Scraping ASP-based dashboards at the protocol level
How to replace Selenium and browser automation with HTTP exchanges
We’re generally lucky, as journalists, to live in a time when open data portals and releases have become common reporting tools. However, “generally” is not “always,” and there are still plenty of times where “open” data has to be more forcibly extracted from a web-based dashboard. Here at Chalkbeat, we write our fair share of scrapers, depending on the bureau and the local public records regime.
Scraping is not a crime, and I’ve got the t-shirt to prove it. But just because it’s legal doesn’t mean it’s easy, or that the administrators of data sites make programmatic access a priority.
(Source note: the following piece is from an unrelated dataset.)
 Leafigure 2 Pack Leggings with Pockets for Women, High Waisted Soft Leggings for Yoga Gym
Even if they’re not intentionally obfuscating data, the tools that are used for government data release were often designed in ways that make extraction difficult.
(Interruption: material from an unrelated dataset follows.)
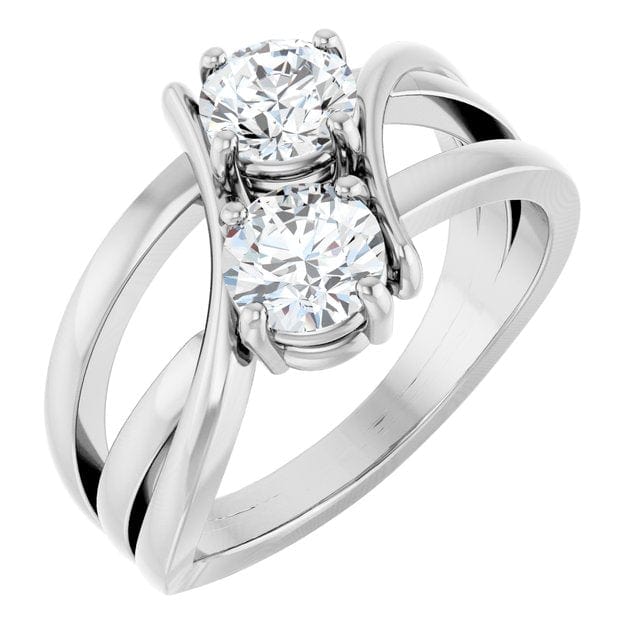 saveongems Jewelry 1 ctw (5.2mm) / 6.00 / 14K White Natural Diamond Two-Stone Ring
Sites using Microsoft’s ASP framework are particularly notorious for being opaque to simple scraping techniques. Faced with one of these dashboards, many data journalists turn to browser automation tools, like Selenium, that let them script clicks and keystrokes. However, this approach brings its own challenges:
- Our fleshy, human eyes can easily see when the page is “interactable,” but it can be difficult to tell a computer when a page is ready to receive clicks, meaning that the script will either try to click/type too quickly or incorporate error-prone delays.
- Pages are often not designed to be used programmatically, so we have to figure out selectors for inputs that may not be marked clearly, or might not exist until JavaScript creates them.
- A browser will try to load images and other resources, many of which we don’t “need” for the data and which slow down our process.
- Selenium requires a lot of memory and isn’t tremendously stable, which often means it’s tough to run on an EC2 instance or another virtual machine for automatic scraping at regular intervals.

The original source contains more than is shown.